According to the U.S. Health and Human Services Department, African-Americans, are four times more likely than people of European descent to suffer from kidney failure. Since the average wait for a kidney transplant for African-Americans is six to 10 years, Collins, who is African-American, feared that finding a donor might not be possible, especially since his brother and an uncle were medically unable to donate.

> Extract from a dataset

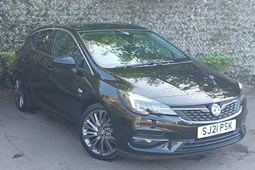 Vauxhall Astra Hatchback (15-21) 1.2 Turbo 145 Griffin 5d For Sale - Arnold Clark Vauxhall (Glasgow), Glasgow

Then, in a moment Collins will never forget, his aunt, Yolanda Collins, 35, offered to donate one of her kidneys. Yolanda herself nearly died in February 2011. She had been upstairs when her home in Forest Park suddenly exploded due to a gas leak. Rescued from the flames by nearby workers who heard her screams, she lost her home and all her belongings, but she retained her life, which Yolanda believes was saved by God to give life to her 24-year-old nephew. This past December, just 11 months after the terrifying diagnosis, the kidney transplant took place, and today Collins is feeling better and much stronger.
Unfortunately, he still has unpaid medical bills, so the Foothill basketball team will hold a "Shoot-a-Thon" to raise money to help with his expenses from 11 a.m. to 12:30 p.m. Saturday at the high school. Straw Hat pizza will donate lunch for all participants.
Donations are needed, and everyone is encouraged to come over to the school to watch. Foothill High School is located at 4375 Foothill Road in Pleasanton. For more information, contact Cheryl Bates Rhoades at 925-487-8780 or email her at Cheryl.Bates-Rhoades@unionbank.com.
SHARING THE PARKING: Wednesday morning, in honor of Alameda County's Carpool to School Day, students at Foothill High School welcomed city officials and school board members as students unveiled the bold step of converting valuable senior parking spaces into a carpool parking area.
"This is a wonderful idea because it helps the environment and will reduce traffic going into the student lots," said Ellen Fetherston, a Foothill junior who is a member of the Safe Routes club.
Carpool drivers will receive a $25 gas card, and passengers will be entered into weekly drawings for gift cards to local businesses. To find a carpool buddy, visit pleasantonschoolpool.org. This effort is a partnership with Alameda County Safe Routes to Schools and the City of Pleasanton.